Status: final response (author comments only)

RC1: 'Comment on cp-2022-21', Anonymous Referee #1, 20 Apr 2022

Summary

The authors apply a “dynamical” downscaling technique to an orbital-only Holocene-long climate simulation and obtain a resolution of 0.25 degree over Europe. The downscaling is performed for temperature and precipitation. The authors were able to show that the downscaled precipitation matches precipitation and temperatures in mountain regions more realistically. In particular, the simulated trends of the downscaled data resemble reconstructions from different proxy archives.

General

The study touches a highly important topic in paleo climate, namely the mismatch between local climate proxy information and the rather coarsely resolved paleo climate modelling. The authors present an approach to bridge the gap of scales by a downscaling approach. Clearly the topic desires publication in the Climate of the past, but the current study shows a number of short comings. Besides some structural problems (see below) there is a lack in presenting the state of knowledge in the introduction as a large number of recent studies on dynamical downscaling for paleo climatic studies is missing. Then the results lack a clear discussion of seasonality differences in the proxy data. Also the method itself is to my opinion named wrongly: the authors called it dynamical downscaling and explain that the basic idea is to reproduce the model physics and NOT the dynamics. Due to my rather long list of comments (not sorted into major or minor) I recommend at least major revision of the manuscript.

Comments

Title: The authors use only orbital and GHG forcing so I would not call it a Holocene Climate simulation, rather an orbital-GHG-only simulation for the Holocene period.
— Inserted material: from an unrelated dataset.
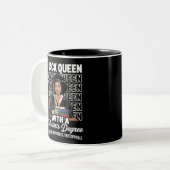 Black Queen Masters Degree Graduation Educated  ツートーンマグカップ (正面左)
L 60 and the following paragraphs: There is growing literature on real dynamical downscaling using RCMs on the Paleo perspective so please make a reasonable review on the existing knowledge. Here is a collection of possible publications:

Bromwich, et al. (2004). Polar MM5 simulations of the winter climate of the Laurentide ice sheet at the LGM. Journal of Climate, 17(17), 3415–3433.

Gómez-Navarro, J. J. et al.: Internal and external variability in regional simulations of the Iberian Peninsula climate over the last millennium, Clim. Past, 8, 25–36, doi:10.5194/cp-8-25-2012, 2012.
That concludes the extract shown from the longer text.